I've written several blogs about the payday loan industry in recent months saying, in summary, that I don't believe the concept of short term loans is fundamentally wrong and that emotion sometimes over-rides objectivity. But that does not mean that poor practice is ever acceptable. In particular I've ranted about the absence of evidence that affordability tests were being carried out and said the OFT should, in its final year, focus on this particular element.

Wonga's announcement that its pre-tax profits were up by 35% and bad debts were up by 89% has brought the sector back into sharp focus and - reading reports and commentaries - two things have struck me.
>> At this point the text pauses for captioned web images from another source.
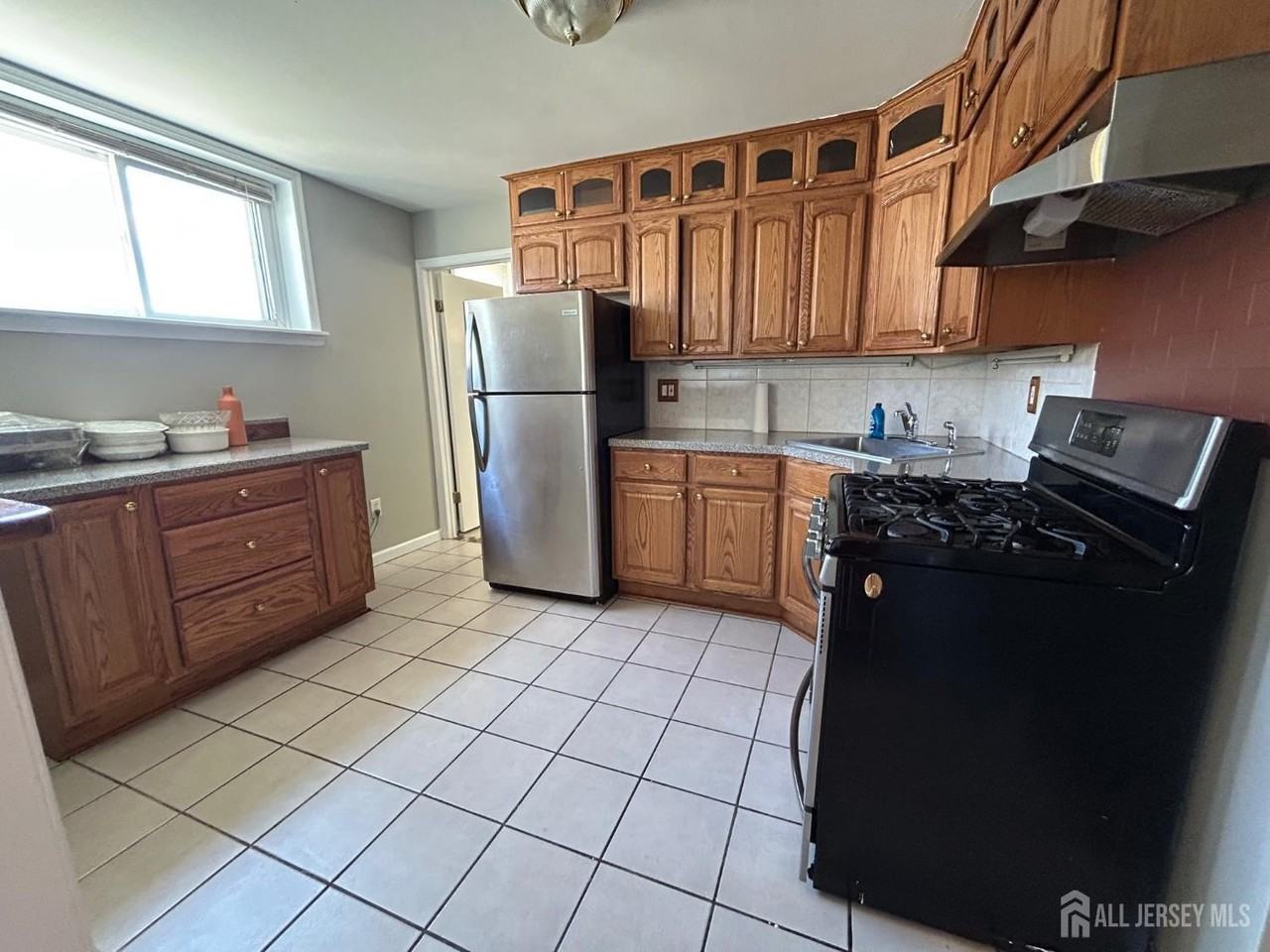 205 College Dr - Photo 2 of 10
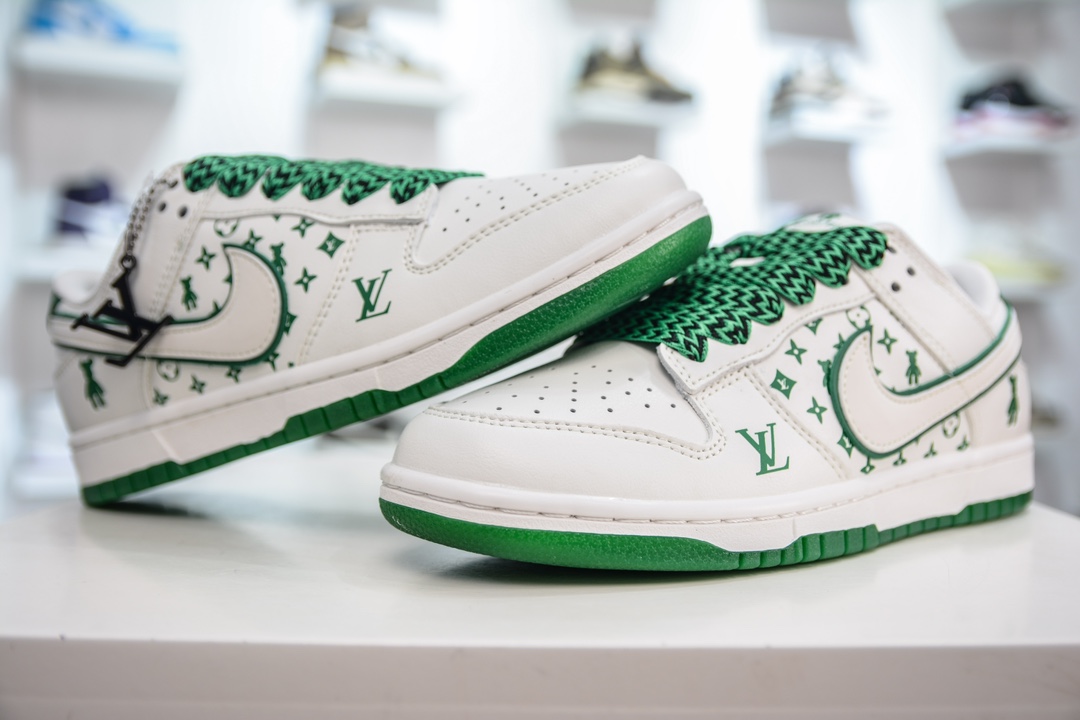 LV x Nike Dunk Low Beige Violent Bear SJ2068-241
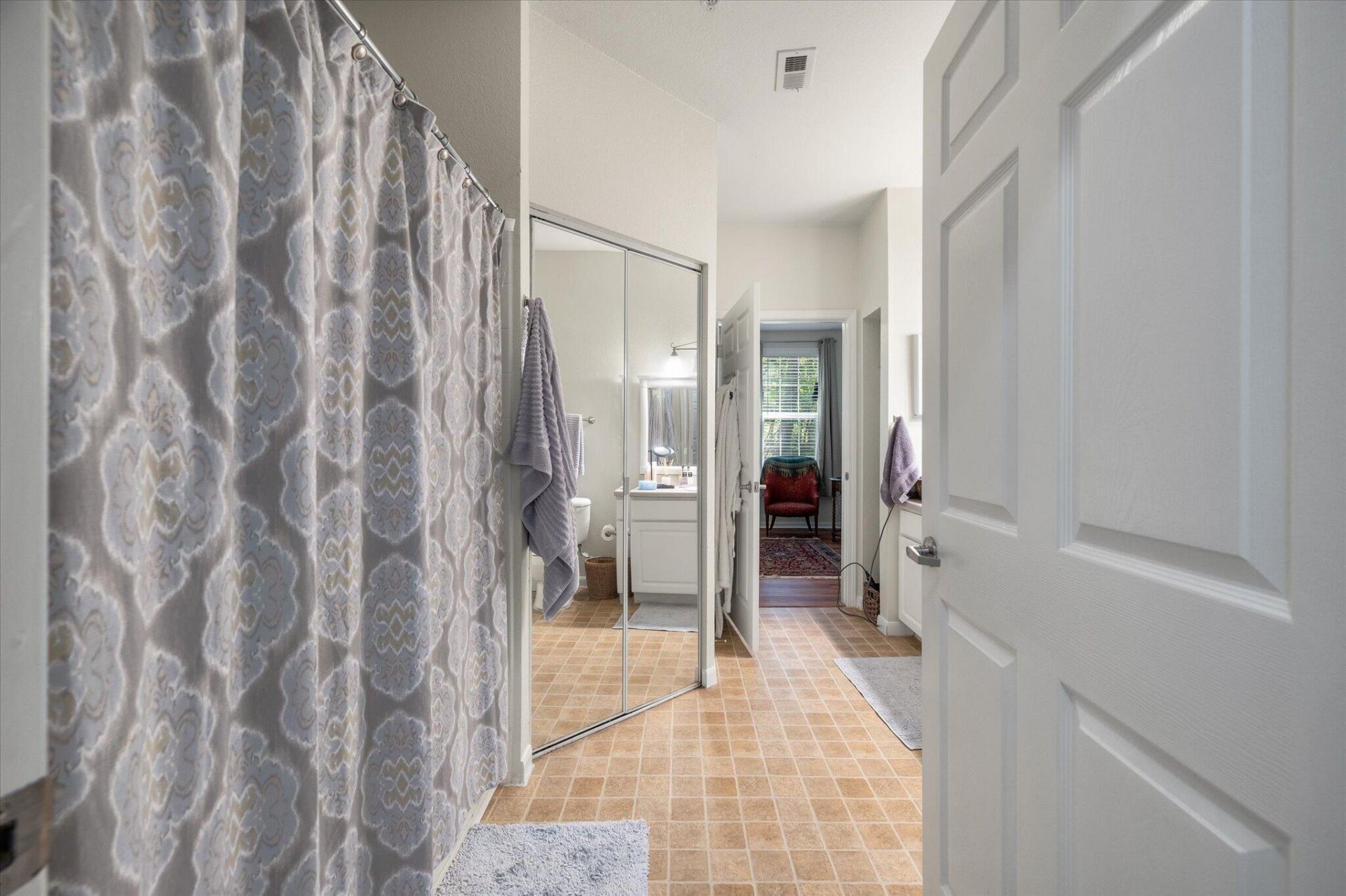 60 Fenwick Hall Alley Photo 21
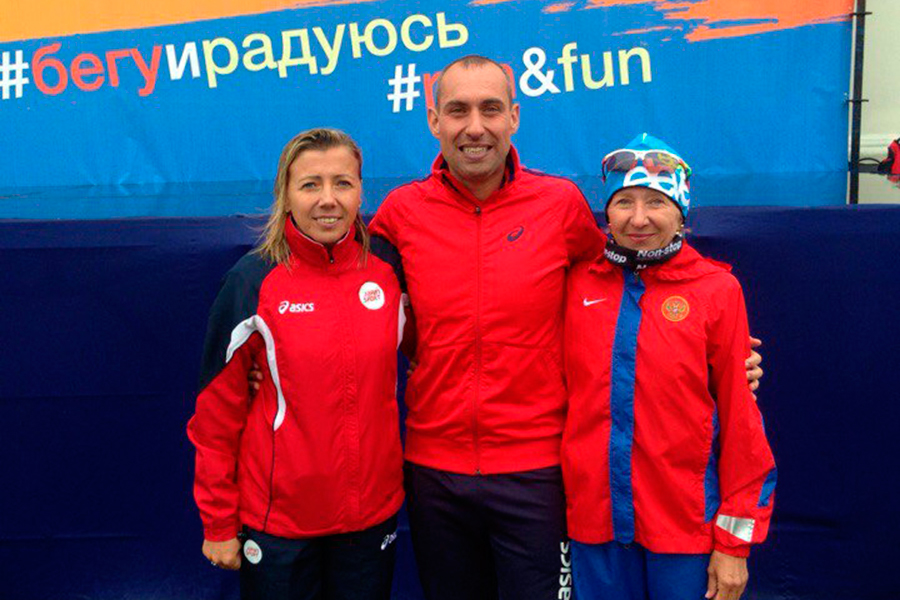 Марина-Жалыбина-победитель-марафона-в-Твери-на-дистанции-42-км.jpg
The first is Ian King, the Times Business Editor, observing that Wonga is one of the good guys in an industry that has appalling practices; by way of example he cites that it will not allow its customers to "roll" their loans more than three times and observes that the interest rates they charge are, for example, far lower than those incurred by running up an unauthorised bank overdraft. In my view, being cheaper than someone else isn't necessarily justification but it's certainly true and mitigates against some of the more emotional headlines we see. Indeed, elsewhere in the paper it's reported that loans cannot be rolled over more than twice and that Wonga stops racking up interest after 60 days to prevent debts spiralling too far out of control.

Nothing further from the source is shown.